Document the DISTINCT noise word in the UNION/INTERSECT/EXCEPT constructs.

I also rearranged the order of the sections to match the logical order of processing steps: the distinct-elimination implied by SELECT DISTINCT happens before, not after, any UNION/INTERSECT/EXCEPT combination.

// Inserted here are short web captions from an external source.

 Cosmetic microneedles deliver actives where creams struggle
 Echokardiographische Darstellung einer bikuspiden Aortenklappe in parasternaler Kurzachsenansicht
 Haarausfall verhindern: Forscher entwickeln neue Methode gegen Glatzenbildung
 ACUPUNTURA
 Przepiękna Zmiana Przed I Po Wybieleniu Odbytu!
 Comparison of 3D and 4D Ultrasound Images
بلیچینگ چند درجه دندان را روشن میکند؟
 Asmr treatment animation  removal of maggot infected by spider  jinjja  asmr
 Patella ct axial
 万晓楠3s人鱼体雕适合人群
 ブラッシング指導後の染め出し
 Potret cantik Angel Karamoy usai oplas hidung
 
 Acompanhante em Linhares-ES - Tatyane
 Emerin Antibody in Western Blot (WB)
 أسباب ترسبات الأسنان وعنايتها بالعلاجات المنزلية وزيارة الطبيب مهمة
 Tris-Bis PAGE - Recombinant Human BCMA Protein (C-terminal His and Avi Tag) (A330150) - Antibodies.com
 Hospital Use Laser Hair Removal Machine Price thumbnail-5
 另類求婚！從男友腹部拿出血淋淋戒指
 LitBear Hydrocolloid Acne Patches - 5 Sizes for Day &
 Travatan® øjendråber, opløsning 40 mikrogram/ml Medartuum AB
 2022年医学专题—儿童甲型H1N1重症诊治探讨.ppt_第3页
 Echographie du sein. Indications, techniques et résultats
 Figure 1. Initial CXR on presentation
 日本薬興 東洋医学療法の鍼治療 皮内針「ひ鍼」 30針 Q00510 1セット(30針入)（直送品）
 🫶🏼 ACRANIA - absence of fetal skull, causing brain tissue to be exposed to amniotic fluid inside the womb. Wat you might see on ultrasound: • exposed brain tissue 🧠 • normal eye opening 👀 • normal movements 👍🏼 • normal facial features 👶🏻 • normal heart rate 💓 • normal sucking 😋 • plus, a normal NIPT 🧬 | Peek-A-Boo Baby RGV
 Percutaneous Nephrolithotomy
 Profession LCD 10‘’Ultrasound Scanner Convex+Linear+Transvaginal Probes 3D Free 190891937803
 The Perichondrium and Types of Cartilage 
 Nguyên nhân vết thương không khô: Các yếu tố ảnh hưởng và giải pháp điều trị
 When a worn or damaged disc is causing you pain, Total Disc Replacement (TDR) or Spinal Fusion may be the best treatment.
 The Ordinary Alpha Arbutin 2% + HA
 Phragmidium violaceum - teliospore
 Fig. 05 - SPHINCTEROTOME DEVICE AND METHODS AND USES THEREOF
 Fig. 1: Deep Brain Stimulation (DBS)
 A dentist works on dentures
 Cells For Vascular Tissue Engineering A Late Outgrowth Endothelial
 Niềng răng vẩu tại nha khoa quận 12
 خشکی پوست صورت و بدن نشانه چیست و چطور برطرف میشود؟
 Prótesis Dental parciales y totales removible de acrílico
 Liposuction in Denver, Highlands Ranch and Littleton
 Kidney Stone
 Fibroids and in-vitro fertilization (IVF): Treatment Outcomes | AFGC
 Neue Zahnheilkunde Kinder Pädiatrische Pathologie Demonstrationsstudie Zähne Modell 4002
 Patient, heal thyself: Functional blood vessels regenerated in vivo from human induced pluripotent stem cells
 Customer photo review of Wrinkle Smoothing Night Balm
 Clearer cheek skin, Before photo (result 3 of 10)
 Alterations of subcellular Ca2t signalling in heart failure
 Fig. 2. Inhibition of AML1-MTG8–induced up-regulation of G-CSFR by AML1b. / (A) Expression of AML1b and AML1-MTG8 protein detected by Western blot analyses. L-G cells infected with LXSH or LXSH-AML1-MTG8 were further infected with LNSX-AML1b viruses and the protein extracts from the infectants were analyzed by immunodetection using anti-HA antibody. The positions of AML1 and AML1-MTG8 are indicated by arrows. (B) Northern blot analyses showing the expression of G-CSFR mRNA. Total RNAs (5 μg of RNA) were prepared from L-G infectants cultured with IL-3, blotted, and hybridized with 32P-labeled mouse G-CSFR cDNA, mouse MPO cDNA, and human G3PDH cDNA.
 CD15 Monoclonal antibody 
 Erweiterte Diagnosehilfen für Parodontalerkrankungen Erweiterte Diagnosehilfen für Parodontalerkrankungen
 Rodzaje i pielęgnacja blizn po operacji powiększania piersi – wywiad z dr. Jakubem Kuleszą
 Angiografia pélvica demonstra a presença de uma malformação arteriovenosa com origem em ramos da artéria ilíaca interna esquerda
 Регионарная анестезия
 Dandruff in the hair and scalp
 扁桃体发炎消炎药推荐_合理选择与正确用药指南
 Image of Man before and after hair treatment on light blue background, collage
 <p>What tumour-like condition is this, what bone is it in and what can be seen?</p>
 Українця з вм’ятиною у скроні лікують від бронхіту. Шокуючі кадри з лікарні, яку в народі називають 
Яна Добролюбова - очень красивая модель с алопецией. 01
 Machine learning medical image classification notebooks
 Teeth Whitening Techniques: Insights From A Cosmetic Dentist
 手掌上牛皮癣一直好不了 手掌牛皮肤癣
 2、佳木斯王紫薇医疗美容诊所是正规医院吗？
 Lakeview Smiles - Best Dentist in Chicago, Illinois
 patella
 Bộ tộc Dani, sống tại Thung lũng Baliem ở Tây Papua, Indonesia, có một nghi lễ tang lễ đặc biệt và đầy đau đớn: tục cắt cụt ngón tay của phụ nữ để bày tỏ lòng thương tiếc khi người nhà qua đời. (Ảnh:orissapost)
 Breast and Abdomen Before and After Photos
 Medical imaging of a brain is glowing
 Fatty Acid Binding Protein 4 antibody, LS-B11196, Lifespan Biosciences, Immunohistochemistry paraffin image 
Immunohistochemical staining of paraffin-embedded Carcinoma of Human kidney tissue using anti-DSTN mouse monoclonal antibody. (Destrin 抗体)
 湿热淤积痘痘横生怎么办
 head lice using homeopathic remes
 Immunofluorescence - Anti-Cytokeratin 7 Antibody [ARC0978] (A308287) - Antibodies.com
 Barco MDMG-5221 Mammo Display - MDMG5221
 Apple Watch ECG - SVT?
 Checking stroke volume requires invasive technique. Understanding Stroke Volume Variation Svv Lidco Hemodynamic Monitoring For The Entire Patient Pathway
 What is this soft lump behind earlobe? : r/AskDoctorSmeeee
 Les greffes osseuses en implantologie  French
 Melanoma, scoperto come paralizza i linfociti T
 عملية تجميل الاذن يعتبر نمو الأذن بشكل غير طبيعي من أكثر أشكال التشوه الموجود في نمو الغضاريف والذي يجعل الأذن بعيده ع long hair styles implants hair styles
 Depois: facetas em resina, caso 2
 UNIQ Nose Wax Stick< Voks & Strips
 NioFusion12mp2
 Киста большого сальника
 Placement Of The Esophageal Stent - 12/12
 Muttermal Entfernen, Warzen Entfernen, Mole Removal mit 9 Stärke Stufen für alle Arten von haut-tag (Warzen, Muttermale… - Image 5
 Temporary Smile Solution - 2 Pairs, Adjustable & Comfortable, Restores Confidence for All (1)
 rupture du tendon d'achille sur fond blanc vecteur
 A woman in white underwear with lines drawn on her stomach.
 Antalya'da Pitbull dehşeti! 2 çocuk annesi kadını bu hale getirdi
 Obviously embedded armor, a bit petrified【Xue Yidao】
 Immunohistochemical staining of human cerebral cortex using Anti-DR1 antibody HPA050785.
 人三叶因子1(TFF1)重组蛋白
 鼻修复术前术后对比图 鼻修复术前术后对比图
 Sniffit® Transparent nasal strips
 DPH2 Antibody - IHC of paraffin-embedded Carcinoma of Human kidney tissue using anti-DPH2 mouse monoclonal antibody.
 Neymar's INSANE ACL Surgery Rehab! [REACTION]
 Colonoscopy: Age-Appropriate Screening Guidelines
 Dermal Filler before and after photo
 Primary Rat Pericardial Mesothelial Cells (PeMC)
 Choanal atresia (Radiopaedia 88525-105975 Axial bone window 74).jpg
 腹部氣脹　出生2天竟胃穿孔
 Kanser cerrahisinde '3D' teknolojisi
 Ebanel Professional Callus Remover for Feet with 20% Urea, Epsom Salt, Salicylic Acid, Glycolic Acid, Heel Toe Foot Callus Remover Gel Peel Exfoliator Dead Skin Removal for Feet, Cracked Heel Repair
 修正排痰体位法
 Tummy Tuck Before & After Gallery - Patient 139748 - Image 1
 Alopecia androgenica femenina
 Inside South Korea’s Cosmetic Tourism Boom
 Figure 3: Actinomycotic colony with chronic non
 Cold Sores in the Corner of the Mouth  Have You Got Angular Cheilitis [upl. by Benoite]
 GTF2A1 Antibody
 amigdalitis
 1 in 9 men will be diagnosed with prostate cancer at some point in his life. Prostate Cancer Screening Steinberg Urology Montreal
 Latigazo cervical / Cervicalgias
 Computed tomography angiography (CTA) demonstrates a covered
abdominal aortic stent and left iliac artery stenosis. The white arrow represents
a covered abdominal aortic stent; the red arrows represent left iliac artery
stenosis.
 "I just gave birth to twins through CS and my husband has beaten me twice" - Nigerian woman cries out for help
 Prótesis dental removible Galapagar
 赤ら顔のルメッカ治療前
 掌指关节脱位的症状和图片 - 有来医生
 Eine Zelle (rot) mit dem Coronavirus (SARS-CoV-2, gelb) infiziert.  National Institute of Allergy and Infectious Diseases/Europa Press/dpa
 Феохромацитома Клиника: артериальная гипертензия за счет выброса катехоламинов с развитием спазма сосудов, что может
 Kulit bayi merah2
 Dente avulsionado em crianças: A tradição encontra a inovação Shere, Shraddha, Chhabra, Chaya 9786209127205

Per a suggestion from Hitoshi Harada.
2025-07-26 01:22:12 +03:00 · 2010-10-15 15:48:45 -04:00
parent 0c9b166db5
commit 71d24466fb
2 changed files with 69 additions and 59 deletions
--- a/doc/src/sgml/ref/select.sgml
+++ b/doc/src/sgml/ref/select.sgml
@ -40,7 +40,7 @@ SELECT [ ALL | DISTINCT [ ON ( <replaceable class="parameter">expression</replac
    [ GROUP BY <replaceable class="parameter">expression</replaceable> [, ...] ]
    [ HAVING <replaceable class="parameter">condition</replaceable> [, ...] ]
    [ WINDOW <replaceable class="parameter">window_name</replaceable> AS ( <replaceable class="parameter">window_definition</replaceable> ) [, ...] ]
-    [ { UNION | INTERSECT | EXCEPT } [ ALL ] <replaceable class="parameter">select</replaceable> ]
+    [ { UNION | INTERSECT | EXCEPT } [ ALL | DISTINCT ] <replaceable class="parameter">select</replaceable> ]
    [ ORDER BY <replaceable class="parameter">expression</replaceable> [ ASC | DESC | USING <replaceable class="parameter">operator</replaceable> ] [ NULLS { FIRST | LAST } ] [, ...] ]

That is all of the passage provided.